### GIVEN INFORMATION
=-=-=-=-=
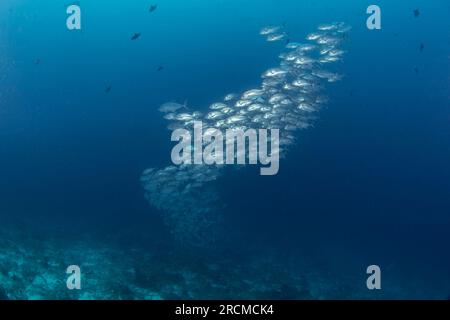 Des escroqueries de hareng pendant la plongée à Raja Ampat. Alepes vari nagent dans le banc. Écosystème marin riche en Indonésie. Plongée exotique sur le récif de corail. Banque D'Images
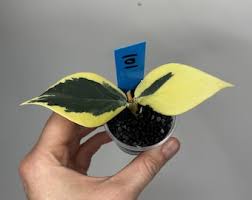 Image result for Selago lacunosa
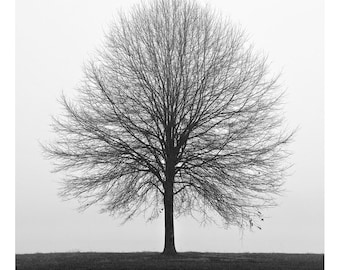fotografía en blanco y negro, impresión de fotografía de árboles, fotografía de invierno, fotografía de paisajes, árbol solitario, fotografía de árboles minimalista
=-=-=-=-=
The whole listing above must be set down again exactly, but without its images.

### WRITTEN RESPONSE
 Des escroqueries de hareng pendant la plongée à Raja Ampat. Alepes vari nagent dans le banc. Écosystème marin riche en Indonésie. Plongée exotique sur le récif de corail. Banque D'Images
 Image result for Selago lacunosa
fotografía en blanco y negro, impresión de fotografía de árboles, fotografía de invierno, fotografía de paisajes, árbol solitario, fotografía de árboles minimalista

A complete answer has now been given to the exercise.